[MATERIAL FOR THIS TASK]
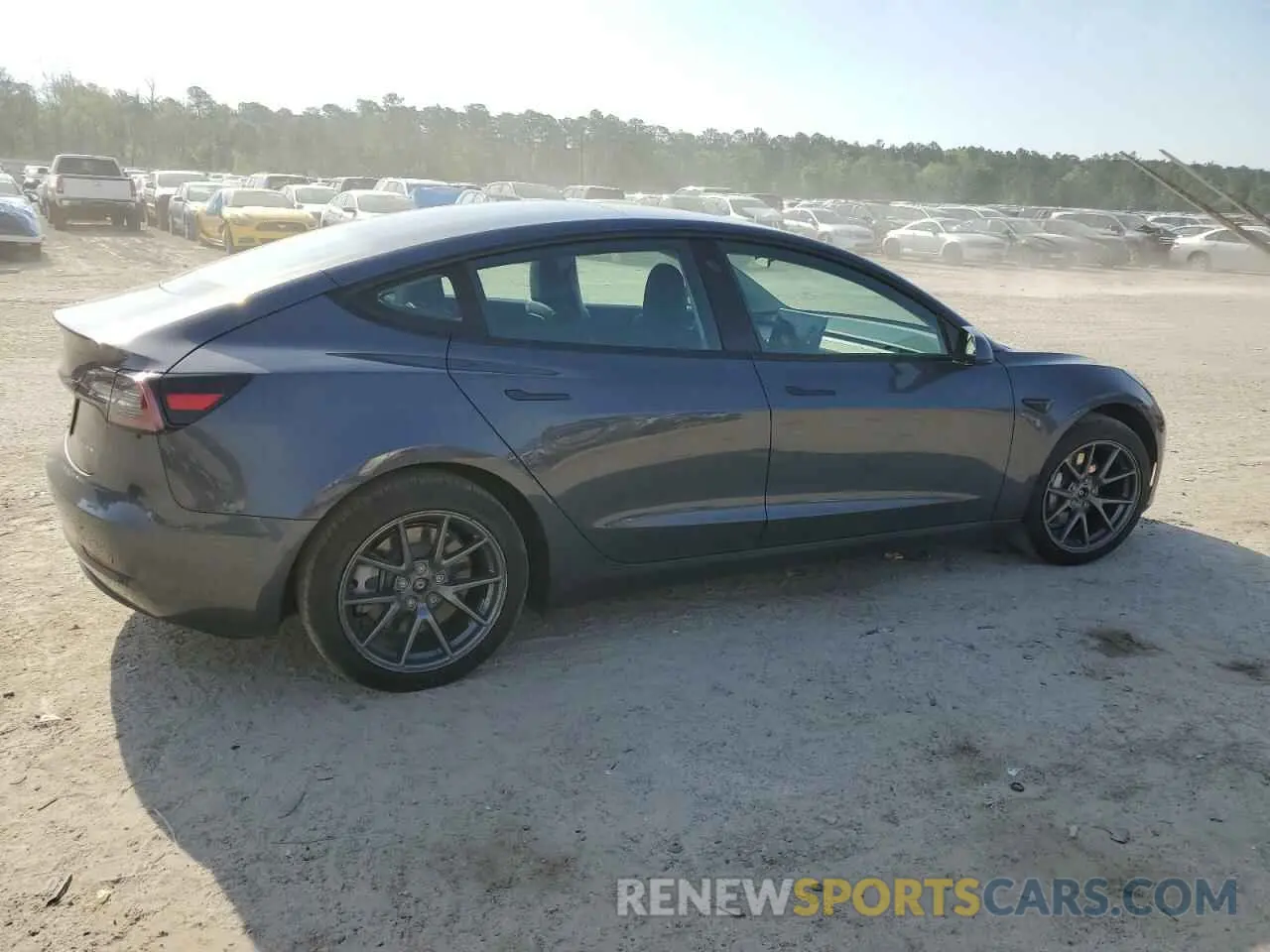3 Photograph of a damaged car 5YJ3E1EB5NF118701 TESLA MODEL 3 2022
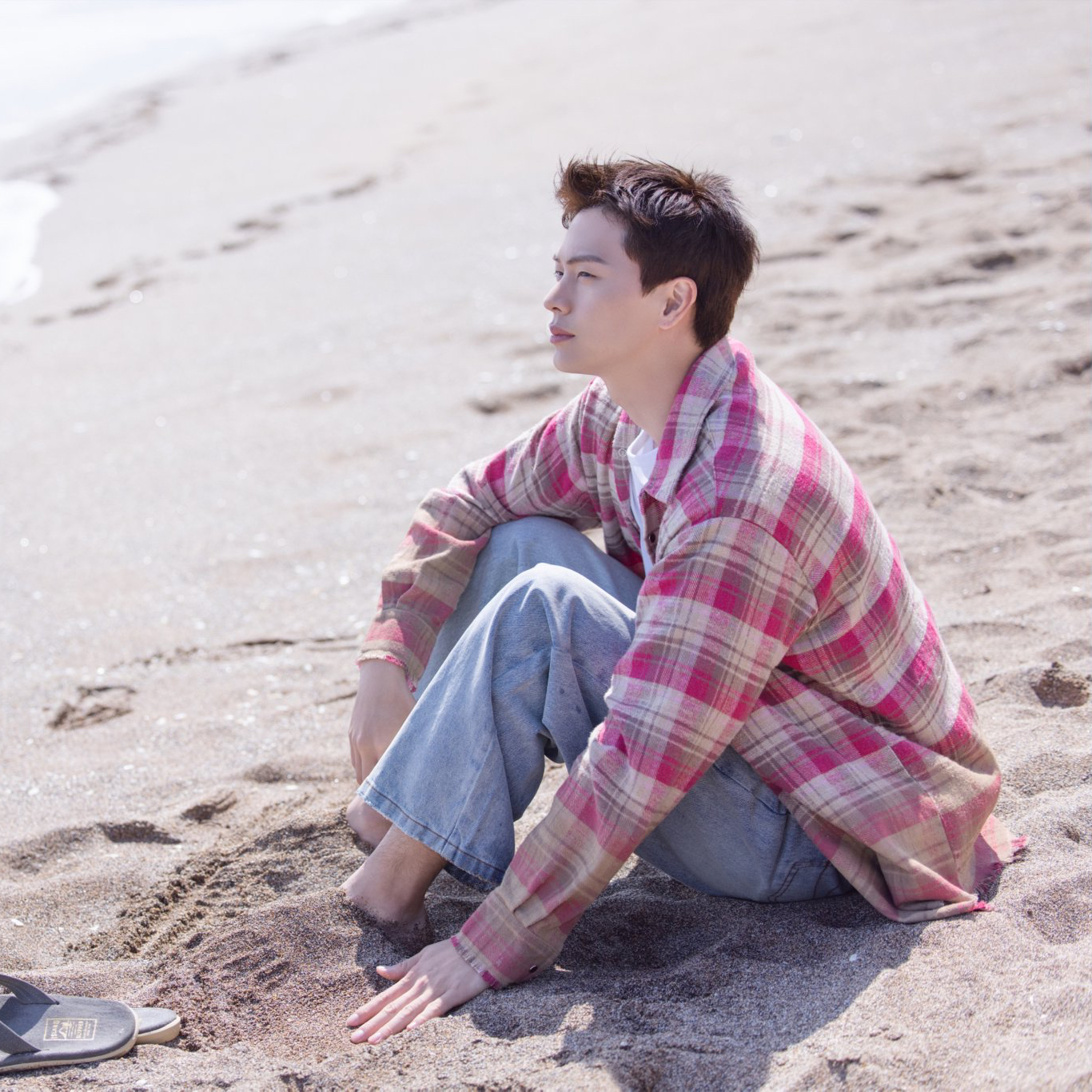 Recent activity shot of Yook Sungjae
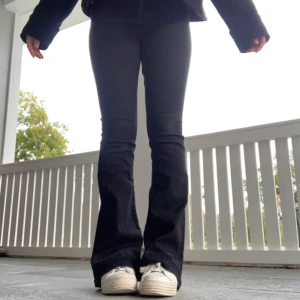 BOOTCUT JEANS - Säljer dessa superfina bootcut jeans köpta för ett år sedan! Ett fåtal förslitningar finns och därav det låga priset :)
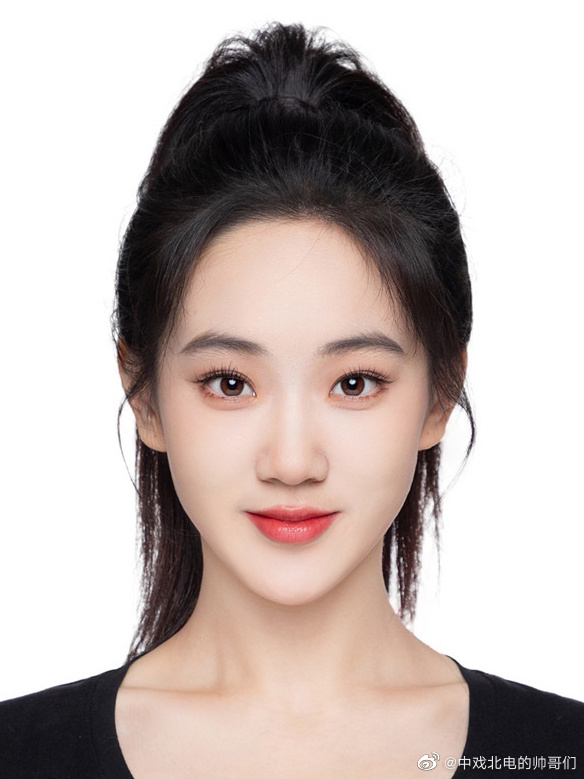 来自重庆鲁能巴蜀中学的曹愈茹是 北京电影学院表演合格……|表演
* * *
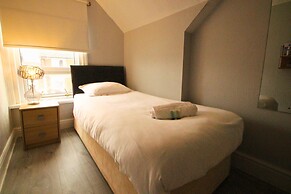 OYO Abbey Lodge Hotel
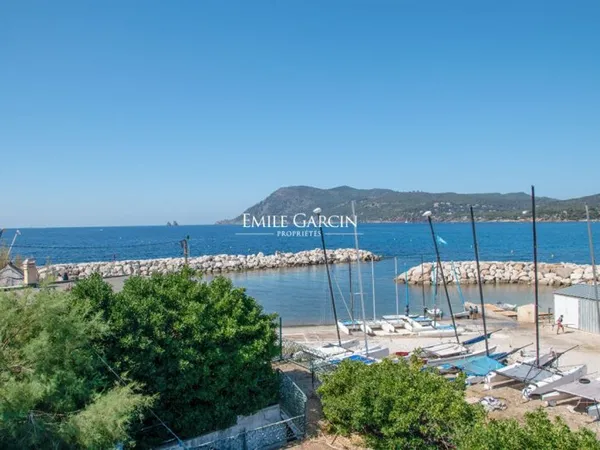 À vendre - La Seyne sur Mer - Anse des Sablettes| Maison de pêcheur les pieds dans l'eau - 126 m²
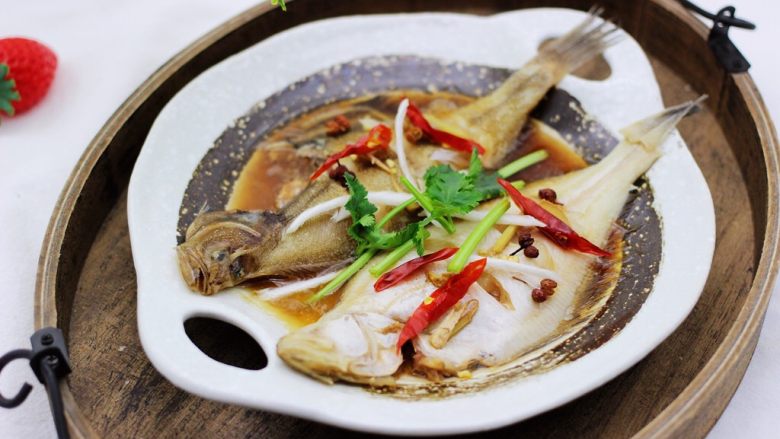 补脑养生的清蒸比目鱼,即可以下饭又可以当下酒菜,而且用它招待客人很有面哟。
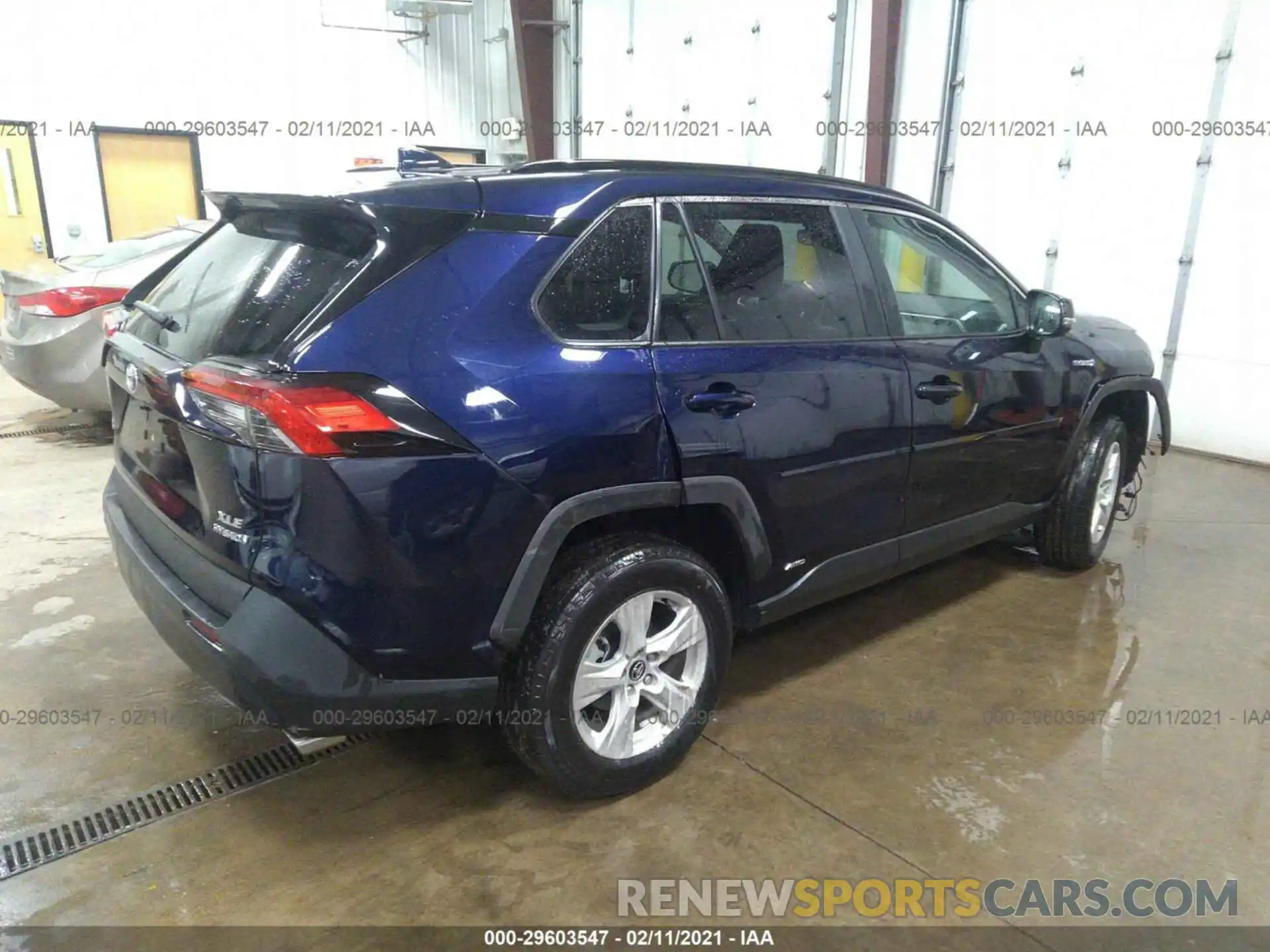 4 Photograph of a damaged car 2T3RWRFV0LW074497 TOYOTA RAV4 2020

[EXERCISE PROMPT]
Would you restate, exactly and with no pictures, the lines of the entries above from the one containing "3 Photograph of" through the one containing "来自重庆鲁能巴蜀中学的曹愈茹是 北京电影学院表演合格……|表演"?

[RESPONSE TO THE EXERCISE]
3 Photograph of a damaged car 5YJ3E1EB5NF118701 TESLA MODEL 3 2022
 Recent activity shot of Yook Sungjae
 BOOTCUT JEANS - Säljer dessa superfina bootcut jeans köpta för ett år sedan! Ett fåtal förslitningar finns och därav det låga priset :)
 来自重庆鲁能巴蜀中学的曹愈茹是 北京电影学院表演合格……|表演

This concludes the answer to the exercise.